_MATERIAL FOR THE TASK:_
──────
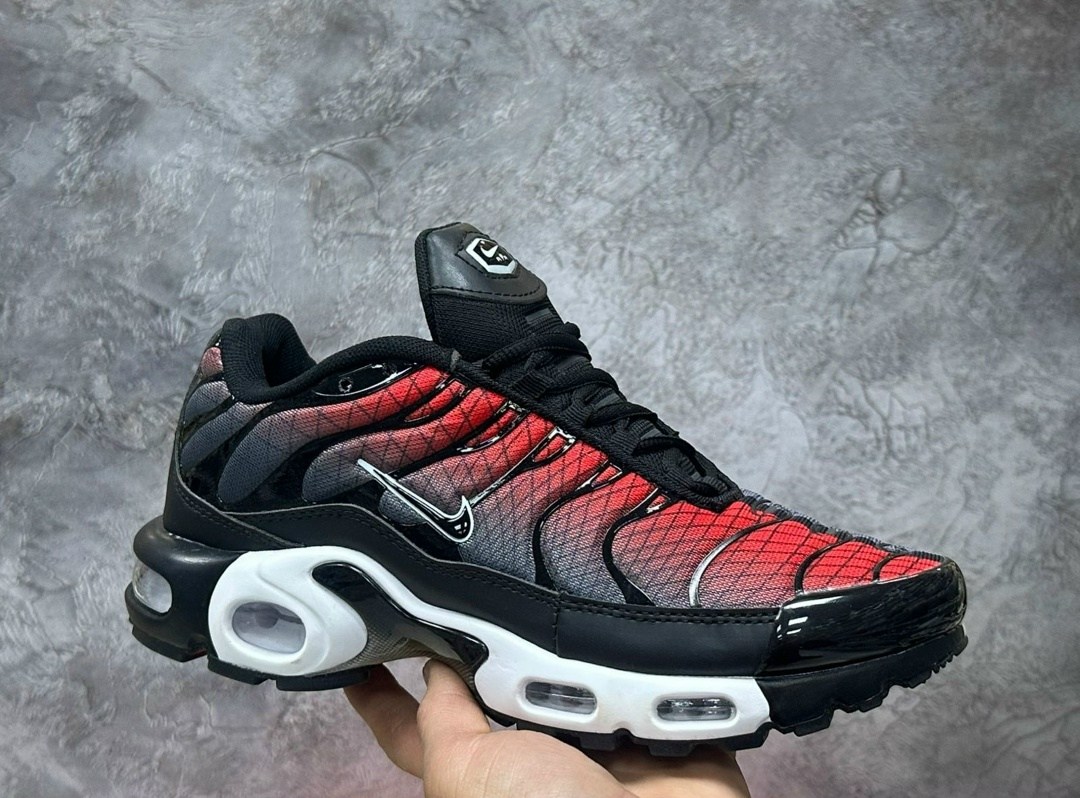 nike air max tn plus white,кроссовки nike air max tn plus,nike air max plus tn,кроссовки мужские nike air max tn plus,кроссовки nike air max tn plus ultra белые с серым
──────
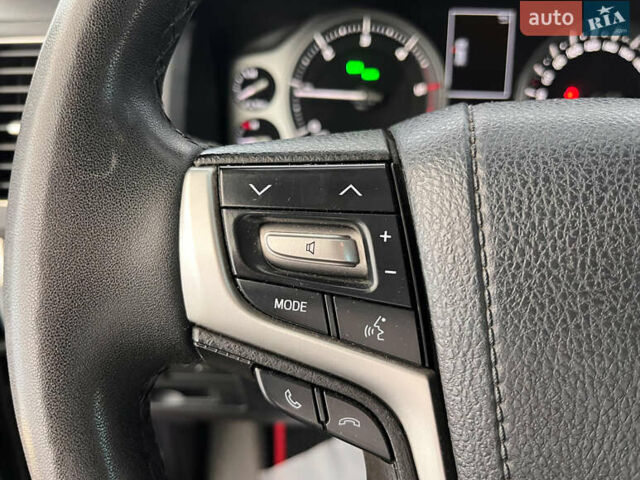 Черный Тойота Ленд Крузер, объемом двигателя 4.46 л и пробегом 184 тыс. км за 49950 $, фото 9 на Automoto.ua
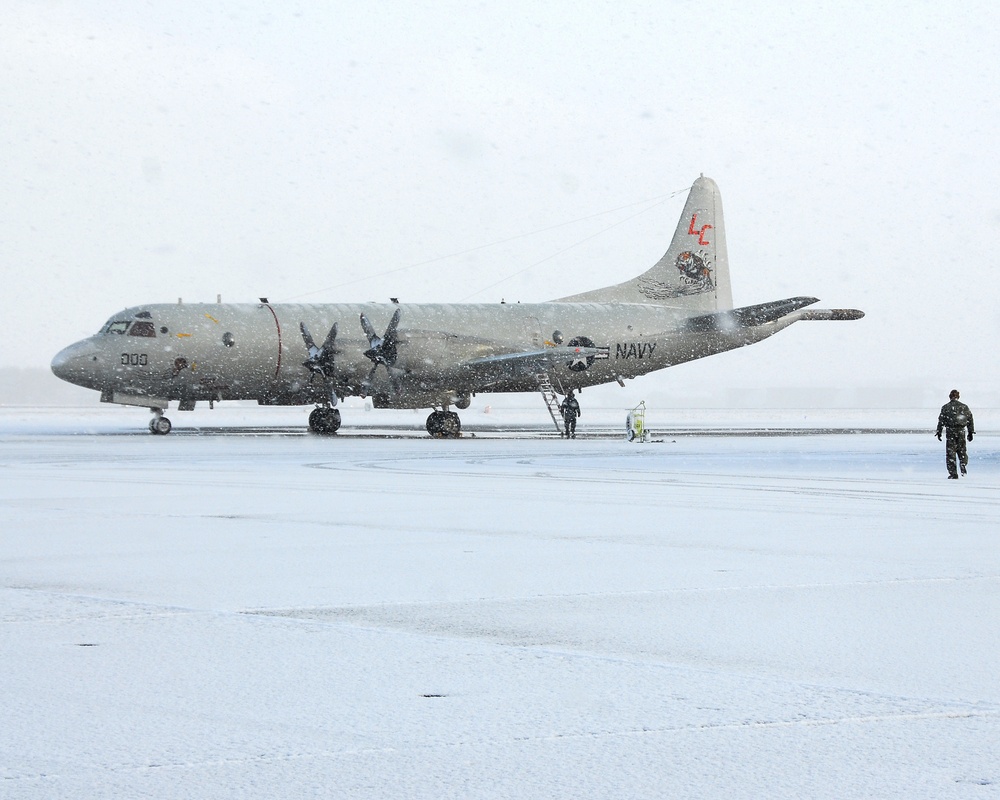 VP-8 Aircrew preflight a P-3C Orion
──────
_INSTRUCTIONS FOR THE TASK:_ When you reach the line that has "Черный Тойота Ленд" in the data above, start repeating lines exactly, and stop after the line that has "VP-8 Aircrew preflight a P-3C Orion"; pictures stay out.

_WORKED SOLUTION:_
 Черный Тойота Ленд Крузер, объемом двигателя 4.46 л и пробегом 184 тыс. км за 49950 $, фото 9 на Automoto.ua
 VP-8 Aircrew preflight a P-3C Orion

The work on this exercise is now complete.